How should we implement object expiration?

1st Defintion: Object expires at “object lookup time” + max-age.

Slow backends

External servers can take a long time to respond and this first attempt produces bad results in the following scenario:

  1. Request object at time T1
  2. It’s a MISS, forward to backend
  3. Server is slow to respond and sends object with max-age=1
  4. Object is expired before it enters the cache!

2nd Definition: Object expires at “cache admission time” + max-age

Sharding

One of the main levers CDNs have to get better CHRs for users is having a larger cache. There are inherent scaling limitations for a single server - you need storage space (disks) for the objects and you need RAM for your data structures that allow you to find the objects. A solution to this is “horizontal scaling” - add more computers to a local network and use them collectively as the cache. This allows you to store way more objects but also to handle way more total requests.

The way it works is that when a request arrives at the cache, it first arrives on a random node which uses a hashing function to determine which node is the “primary” for that object and look for it there. If it’s there, we use it. If not, we make a request to the website’s server to get the original. We also store a copy of the object on the node that it was requested from, so that the burden of very popular objects gets spread across the cluster. There’s a fair amount to get right here. To gracefully accommodate various types of failures, the cluster nodes need to be aware of the health status of all the others and if the “primary” for an object goes away, we need a hash function that can calculate a new primary, without redistributing all the keys. These are big themes that show up in Distributed Systems works generally.

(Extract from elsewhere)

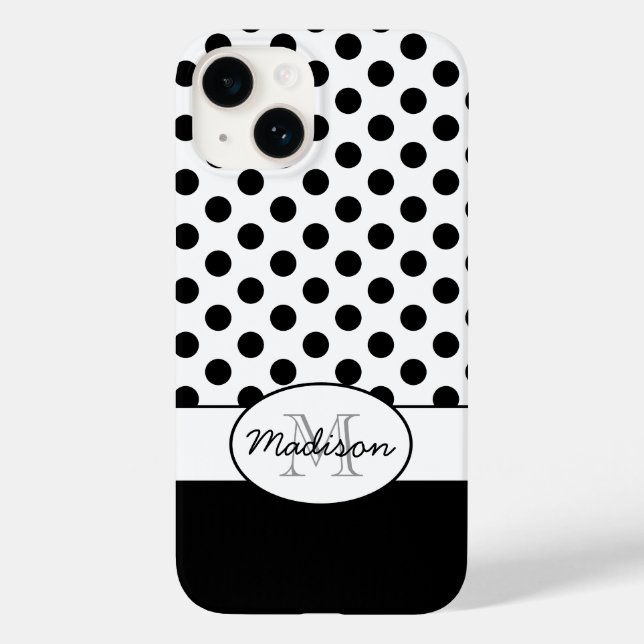 Cute Black White polka dots retro pattern Monogram Case-Mate iPhone Case (Back)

Now that our software is running across a collection of computers, it’s also now a lot harder to test. Here’s an example of yet another bug with the expiration implementation that we didn’t notice until we started using property-based testing:

  1. Request object at time T1
  2. Stored on primary, expiration time = T1 + max-age.
  3. Request object from non-primary node at time T2
  4. Stored on non-primary, expiration time = T2 + max-age

In other words, the object’s expiration time is refreshed eveytime it’s propogated to a member of the cluster and it can live much longer than the original max-age.

3rd Definition: Object expires at “backend response time” + max-age

Conclusions

Caches are truly everywhere in software systems. Becoming familiar with them will give you an intuition about a lot of types of problems. Evening just clearing your browser cache when a page won’t update.

When building products, it’s critical to figure out what it’s required for something to be correct. Next, figure out what it means for it to be good. Explore the usage patterns and system constraints that contribute to performance and explore what levers you have available to improve things. This could be adding system resources, more efficient algorithms and picking the right data structures. Finally, every new feature has the possibility of negatively interacting with every other existing feature. Figure out a test plan that gets you coverage without exponential work.